*TRY IT*: If a record holds a picture, leave the picture out, but write out everything else exactly.

*PROVIDED RECORDS*:
========================

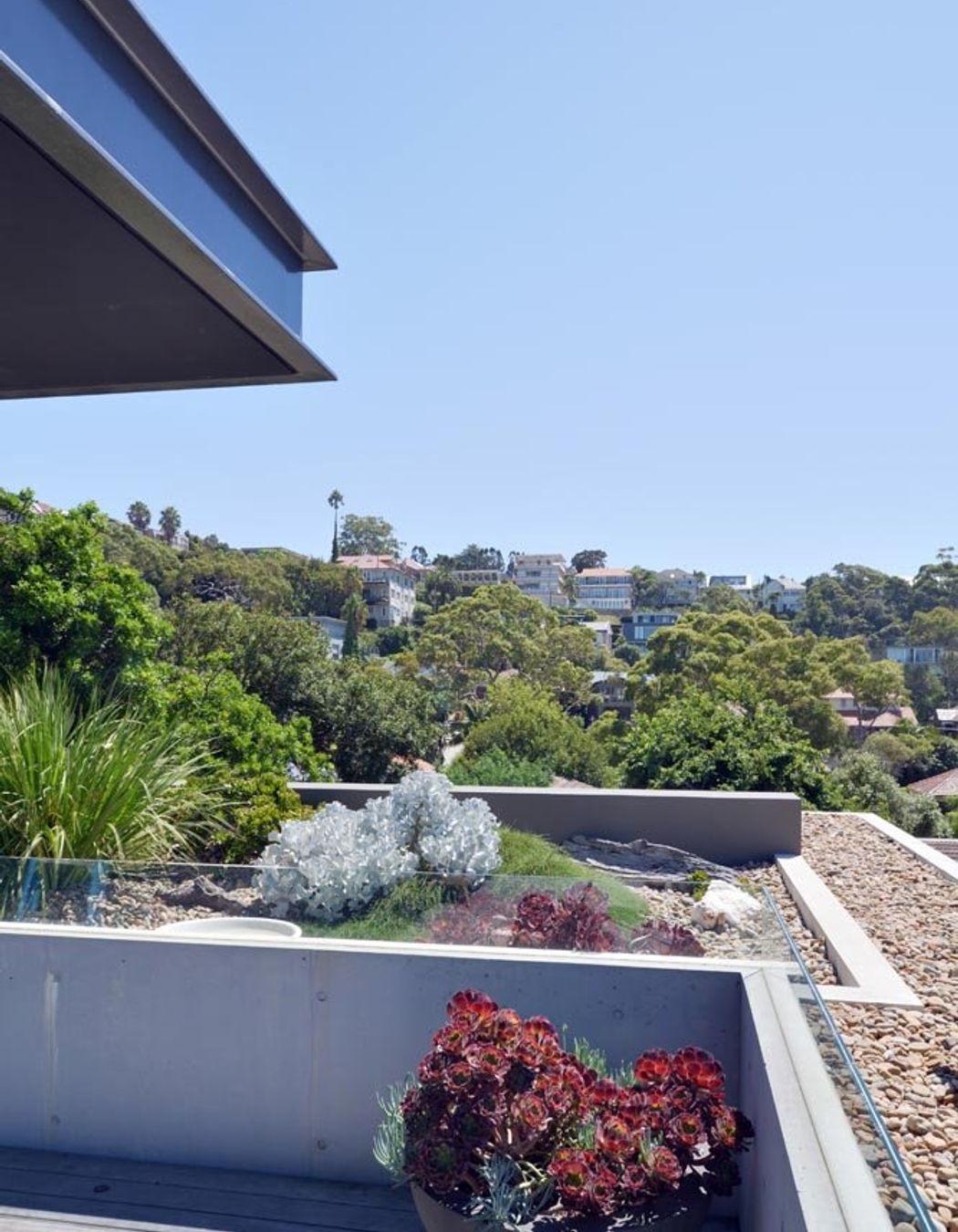 mosman05.jpg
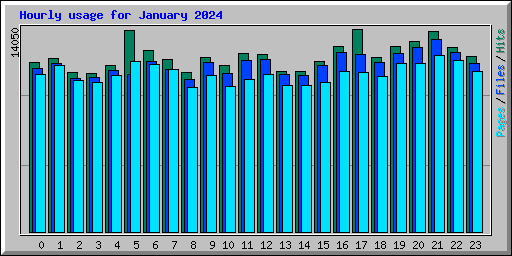 Hourly usage for January 2024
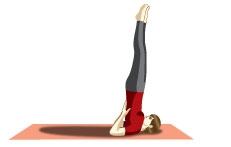 Half Shoulder stand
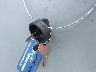 3NSG5W996SM****** Salvage 2025 Polaris Xpedition in New Mexico State
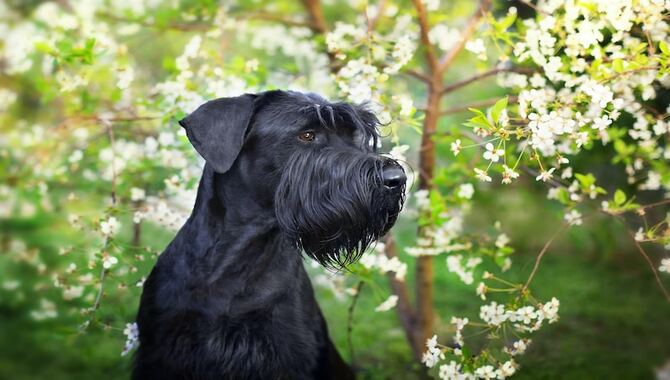 Schnauzer Shedding And Health Concerns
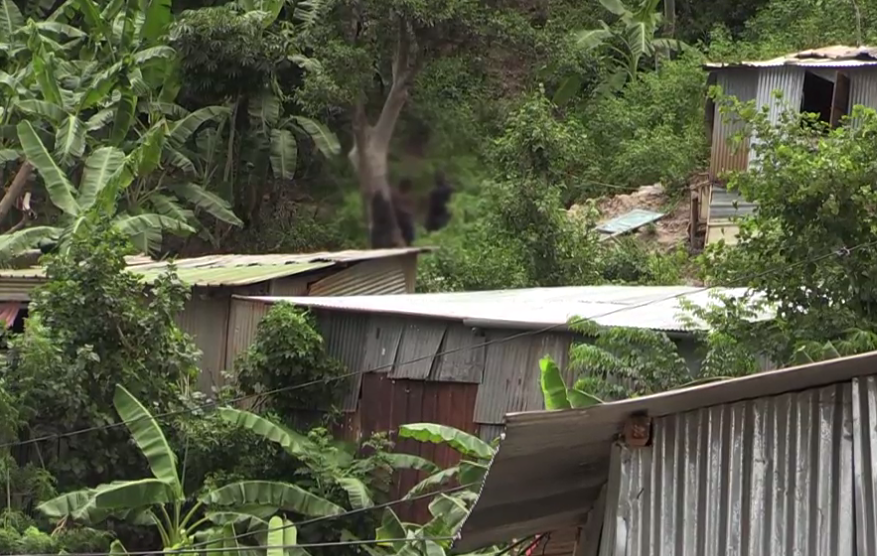 Les meutriers présumés localisés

========================

*EXERCISE RESULT*:
 mosman05.jpg
 Hourly usage for January 2024
 Half Shoulder stand
 3NSG5W996SM****** Salvage 2025 Polaris Xpedition in New Mexico State
 Schnauzer Shedding And Health Concerns
 Les meutriers présumés localisés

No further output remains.